Posted by ayadav242 on October 18, 2008

The insurance venture between Future group India and Generali group Italy, the Future Generali India, announced two new retirement plans. The plans will be called Future Pension Plan and Future Pension Advantage Plan (Which is a ULIP)

The Future Generali India Life Insurance’s CEO & Managing Director Jayant Khosla told reporters “We are launching two retirement plans which offer distinct and relevant advantages to customers in line with their needs and aspirations. The Future Pension Advantage plan will have 40-80 years age band.”

The Future Pension Plan:

  • Offers a way to create a regular stream of income after retirement.
  • Guaranteed addition of 5 per cent to accumulated pension fund after 15 years.

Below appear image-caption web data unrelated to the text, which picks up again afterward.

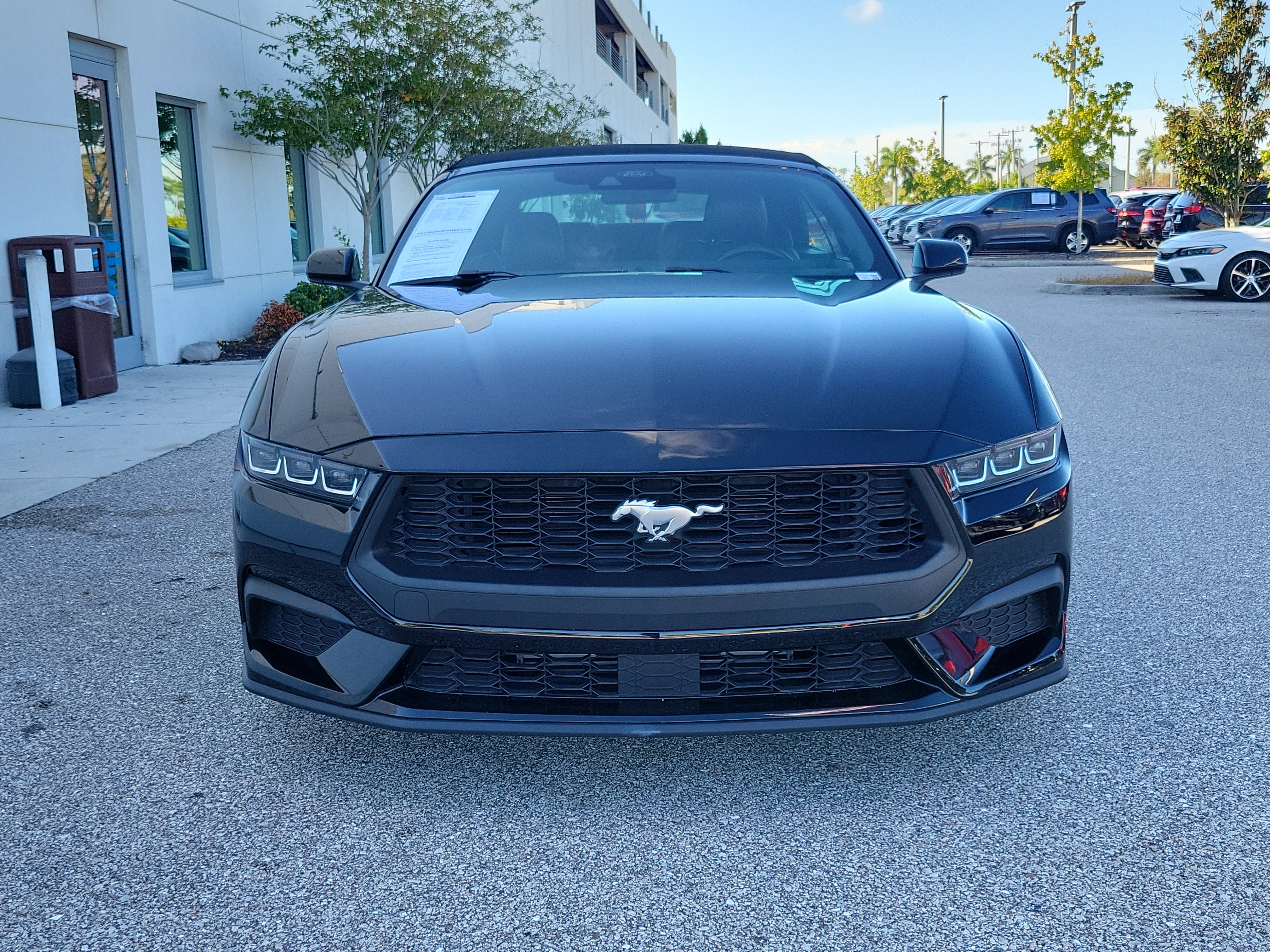 Used 2025 Ford Mustang Premium RWD image 2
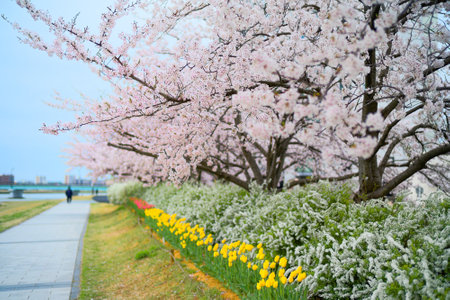 Cherry blossoms along the Shinano Riverの写真素材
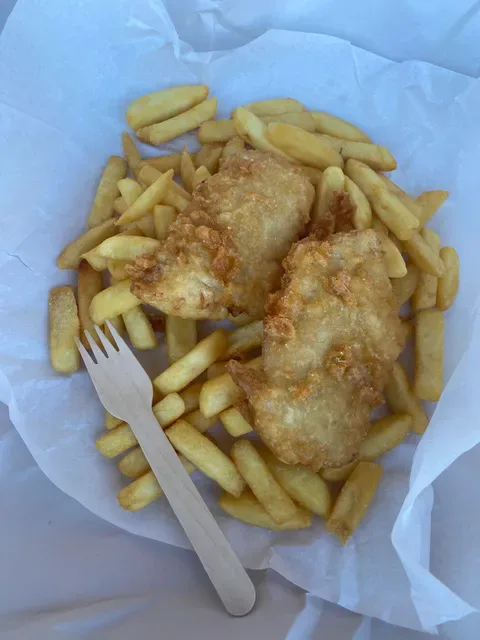The Flying Fish
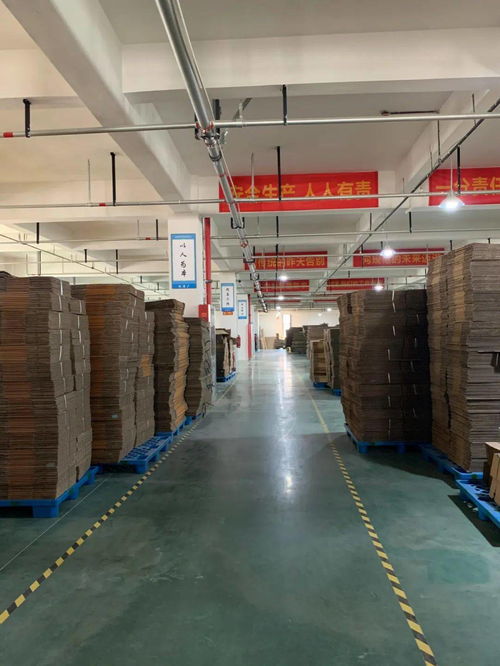 直播回顧 8年行業大咖暢聊 提升紙箱廠生產效率 的4大要點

The Future Pension Advantage Plan:

It offers a minimum policy term of 2 years under single premium and 5 years under regular premium.

There is also a tax benefit under section 80 C and 10 (10D) of the Income Tax Act.

Future Generali is targeting achieving 4 lakh policies in FY’09. Both the promoters have infused Rs 200 crore capital and are adding around Rs 75-100 crore every quarter, Khosla said. “We are targeting 25 per cent of our sales through mallassurance and 75 per cent through our alliances and distributors.

We have started offering insurance products through 300 Future Group malls out of 450. The Future group plans to add 1,000 malls in the next two years period,” Khosla said. Generali is keen on replicating Future’s mallassurance concept globally, he added.